(How to complete this task) Would you please copy each line below that includes the string "plate"?
☆ ☆ ☆
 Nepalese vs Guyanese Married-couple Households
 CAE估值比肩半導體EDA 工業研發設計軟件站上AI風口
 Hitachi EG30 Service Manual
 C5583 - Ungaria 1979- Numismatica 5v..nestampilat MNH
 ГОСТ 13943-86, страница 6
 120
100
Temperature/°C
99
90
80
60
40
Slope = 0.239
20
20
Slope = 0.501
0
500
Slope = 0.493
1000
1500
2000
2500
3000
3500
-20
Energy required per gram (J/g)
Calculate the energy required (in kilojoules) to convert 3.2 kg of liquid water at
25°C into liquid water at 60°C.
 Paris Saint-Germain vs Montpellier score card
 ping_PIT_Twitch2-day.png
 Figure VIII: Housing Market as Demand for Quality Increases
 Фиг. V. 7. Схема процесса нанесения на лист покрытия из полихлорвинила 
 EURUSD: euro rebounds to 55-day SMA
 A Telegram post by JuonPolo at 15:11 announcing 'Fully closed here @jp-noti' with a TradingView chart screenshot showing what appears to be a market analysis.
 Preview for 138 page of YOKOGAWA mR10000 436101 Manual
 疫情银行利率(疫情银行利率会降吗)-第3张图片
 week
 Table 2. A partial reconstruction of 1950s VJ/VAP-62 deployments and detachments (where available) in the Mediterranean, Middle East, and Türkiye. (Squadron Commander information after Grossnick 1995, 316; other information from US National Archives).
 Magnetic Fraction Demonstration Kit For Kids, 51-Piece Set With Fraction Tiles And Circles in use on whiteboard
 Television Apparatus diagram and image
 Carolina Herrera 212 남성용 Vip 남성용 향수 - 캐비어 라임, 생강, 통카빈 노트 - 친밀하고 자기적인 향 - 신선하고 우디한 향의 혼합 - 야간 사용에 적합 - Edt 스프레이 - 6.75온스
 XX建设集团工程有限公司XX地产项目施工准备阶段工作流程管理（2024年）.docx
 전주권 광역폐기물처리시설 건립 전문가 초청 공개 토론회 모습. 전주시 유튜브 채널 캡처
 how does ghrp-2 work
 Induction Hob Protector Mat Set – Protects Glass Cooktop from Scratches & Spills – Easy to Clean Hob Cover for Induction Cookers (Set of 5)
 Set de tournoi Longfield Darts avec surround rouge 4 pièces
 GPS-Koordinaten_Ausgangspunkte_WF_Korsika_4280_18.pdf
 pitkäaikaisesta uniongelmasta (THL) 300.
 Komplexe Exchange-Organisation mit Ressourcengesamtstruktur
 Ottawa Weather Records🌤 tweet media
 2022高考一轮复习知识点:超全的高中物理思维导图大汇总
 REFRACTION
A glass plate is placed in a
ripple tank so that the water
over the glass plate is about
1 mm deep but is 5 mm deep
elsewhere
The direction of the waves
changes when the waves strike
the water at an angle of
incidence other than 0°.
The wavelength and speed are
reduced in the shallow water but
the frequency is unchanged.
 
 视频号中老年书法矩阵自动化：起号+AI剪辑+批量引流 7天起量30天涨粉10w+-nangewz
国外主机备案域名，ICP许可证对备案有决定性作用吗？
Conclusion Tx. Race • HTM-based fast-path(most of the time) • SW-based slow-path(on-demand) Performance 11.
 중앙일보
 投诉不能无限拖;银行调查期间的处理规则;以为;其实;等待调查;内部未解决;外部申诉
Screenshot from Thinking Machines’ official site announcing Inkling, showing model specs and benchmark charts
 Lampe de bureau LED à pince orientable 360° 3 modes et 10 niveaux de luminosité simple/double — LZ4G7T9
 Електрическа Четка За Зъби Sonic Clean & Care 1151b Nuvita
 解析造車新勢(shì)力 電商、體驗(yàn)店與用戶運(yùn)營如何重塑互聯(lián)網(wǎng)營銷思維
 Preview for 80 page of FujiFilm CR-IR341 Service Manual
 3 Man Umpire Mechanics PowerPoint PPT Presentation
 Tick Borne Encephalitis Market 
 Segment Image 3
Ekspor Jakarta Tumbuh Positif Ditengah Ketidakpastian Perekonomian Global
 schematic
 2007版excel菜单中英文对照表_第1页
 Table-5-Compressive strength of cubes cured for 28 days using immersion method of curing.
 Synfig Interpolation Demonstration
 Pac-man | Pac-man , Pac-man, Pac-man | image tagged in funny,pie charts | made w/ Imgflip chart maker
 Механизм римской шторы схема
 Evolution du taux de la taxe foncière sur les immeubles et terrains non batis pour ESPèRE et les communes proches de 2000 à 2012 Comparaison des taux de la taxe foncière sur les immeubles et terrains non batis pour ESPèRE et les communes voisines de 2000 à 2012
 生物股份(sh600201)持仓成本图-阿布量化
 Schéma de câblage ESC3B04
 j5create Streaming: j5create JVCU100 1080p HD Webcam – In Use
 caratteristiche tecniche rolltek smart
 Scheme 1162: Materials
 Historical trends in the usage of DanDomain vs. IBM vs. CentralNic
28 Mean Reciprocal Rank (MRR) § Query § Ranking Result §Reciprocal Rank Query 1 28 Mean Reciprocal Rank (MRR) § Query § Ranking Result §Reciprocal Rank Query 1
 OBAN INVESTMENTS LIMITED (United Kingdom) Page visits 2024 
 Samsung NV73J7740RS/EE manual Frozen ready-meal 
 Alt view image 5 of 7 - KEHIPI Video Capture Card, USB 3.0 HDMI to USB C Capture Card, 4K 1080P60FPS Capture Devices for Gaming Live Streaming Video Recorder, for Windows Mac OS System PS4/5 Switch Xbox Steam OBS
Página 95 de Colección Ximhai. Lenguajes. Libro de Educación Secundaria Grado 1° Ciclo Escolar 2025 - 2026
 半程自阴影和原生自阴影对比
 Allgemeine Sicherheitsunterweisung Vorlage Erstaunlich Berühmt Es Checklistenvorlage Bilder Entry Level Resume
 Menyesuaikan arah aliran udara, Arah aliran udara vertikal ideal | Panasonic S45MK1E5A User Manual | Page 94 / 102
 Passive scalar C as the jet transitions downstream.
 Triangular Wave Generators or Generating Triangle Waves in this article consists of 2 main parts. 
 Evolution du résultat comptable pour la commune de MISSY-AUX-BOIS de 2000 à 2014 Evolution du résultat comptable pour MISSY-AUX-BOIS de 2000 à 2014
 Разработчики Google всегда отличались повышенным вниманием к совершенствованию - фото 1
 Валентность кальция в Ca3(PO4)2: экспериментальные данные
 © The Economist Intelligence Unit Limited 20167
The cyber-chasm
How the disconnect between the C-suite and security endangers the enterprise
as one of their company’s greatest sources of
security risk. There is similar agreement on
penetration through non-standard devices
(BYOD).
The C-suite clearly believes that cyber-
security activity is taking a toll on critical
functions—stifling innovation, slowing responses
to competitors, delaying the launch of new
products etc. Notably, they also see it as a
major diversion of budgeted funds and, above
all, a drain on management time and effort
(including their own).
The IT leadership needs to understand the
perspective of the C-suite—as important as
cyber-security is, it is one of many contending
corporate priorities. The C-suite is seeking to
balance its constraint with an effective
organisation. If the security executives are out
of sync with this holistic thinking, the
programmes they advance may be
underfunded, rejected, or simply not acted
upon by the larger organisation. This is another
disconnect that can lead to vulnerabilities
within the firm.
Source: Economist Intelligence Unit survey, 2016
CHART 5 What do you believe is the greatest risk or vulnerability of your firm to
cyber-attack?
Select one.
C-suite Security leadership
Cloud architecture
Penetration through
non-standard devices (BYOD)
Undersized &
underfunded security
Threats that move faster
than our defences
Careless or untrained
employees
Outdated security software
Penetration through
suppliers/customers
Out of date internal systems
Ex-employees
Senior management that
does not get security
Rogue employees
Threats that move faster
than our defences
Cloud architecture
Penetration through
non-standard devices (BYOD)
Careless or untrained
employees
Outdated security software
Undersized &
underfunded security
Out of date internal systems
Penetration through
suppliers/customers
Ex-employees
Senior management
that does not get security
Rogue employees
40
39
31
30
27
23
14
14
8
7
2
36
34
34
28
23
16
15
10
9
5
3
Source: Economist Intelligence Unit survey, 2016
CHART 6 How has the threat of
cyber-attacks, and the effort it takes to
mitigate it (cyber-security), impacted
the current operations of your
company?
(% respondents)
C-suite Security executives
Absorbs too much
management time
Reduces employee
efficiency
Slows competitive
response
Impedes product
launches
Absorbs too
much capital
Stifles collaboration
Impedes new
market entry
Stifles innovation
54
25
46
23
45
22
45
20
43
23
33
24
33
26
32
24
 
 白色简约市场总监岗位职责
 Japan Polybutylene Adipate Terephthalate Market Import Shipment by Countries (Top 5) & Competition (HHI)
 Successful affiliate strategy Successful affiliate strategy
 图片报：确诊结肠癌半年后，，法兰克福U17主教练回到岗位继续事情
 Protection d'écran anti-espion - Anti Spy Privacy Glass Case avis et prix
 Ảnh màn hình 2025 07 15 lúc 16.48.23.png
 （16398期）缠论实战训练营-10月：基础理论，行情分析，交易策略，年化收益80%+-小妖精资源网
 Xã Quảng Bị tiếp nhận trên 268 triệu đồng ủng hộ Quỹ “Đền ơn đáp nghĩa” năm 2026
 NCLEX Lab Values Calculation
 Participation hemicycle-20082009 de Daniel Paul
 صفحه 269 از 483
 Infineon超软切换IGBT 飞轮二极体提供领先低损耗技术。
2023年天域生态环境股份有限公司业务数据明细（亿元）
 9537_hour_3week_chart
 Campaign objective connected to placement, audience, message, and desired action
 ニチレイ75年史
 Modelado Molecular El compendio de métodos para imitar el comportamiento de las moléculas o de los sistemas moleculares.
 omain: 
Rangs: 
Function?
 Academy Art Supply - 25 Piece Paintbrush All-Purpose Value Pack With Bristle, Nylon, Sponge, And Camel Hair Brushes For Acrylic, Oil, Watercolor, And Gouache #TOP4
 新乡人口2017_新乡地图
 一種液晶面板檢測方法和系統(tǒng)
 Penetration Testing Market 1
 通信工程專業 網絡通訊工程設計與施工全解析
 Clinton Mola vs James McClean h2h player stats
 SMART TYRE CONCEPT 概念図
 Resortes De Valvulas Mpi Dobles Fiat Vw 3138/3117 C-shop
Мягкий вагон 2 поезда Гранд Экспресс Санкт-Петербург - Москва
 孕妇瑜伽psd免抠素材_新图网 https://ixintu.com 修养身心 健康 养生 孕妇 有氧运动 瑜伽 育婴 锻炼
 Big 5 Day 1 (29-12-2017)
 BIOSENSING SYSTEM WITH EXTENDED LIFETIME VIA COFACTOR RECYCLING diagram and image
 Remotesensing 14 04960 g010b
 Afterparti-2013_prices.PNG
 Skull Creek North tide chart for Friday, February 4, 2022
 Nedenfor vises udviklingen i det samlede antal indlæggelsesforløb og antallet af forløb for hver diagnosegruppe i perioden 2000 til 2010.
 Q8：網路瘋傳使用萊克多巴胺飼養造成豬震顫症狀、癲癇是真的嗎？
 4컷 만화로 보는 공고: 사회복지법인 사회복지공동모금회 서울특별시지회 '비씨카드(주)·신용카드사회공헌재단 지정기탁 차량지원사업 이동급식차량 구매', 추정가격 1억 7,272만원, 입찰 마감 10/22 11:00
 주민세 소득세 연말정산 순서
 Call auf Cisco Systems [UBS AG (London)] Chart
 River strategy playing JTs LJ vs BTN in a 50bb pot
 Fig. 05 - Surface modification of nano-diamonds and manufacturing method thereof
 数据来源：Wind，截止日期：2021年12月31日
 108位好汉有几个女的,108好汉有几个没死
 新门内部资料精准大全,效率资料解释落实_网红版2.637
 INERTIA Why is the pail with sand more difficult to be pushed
☆ ☆ ☆
(Worked solution)
A glass plate is placed in a
over the glass plate is about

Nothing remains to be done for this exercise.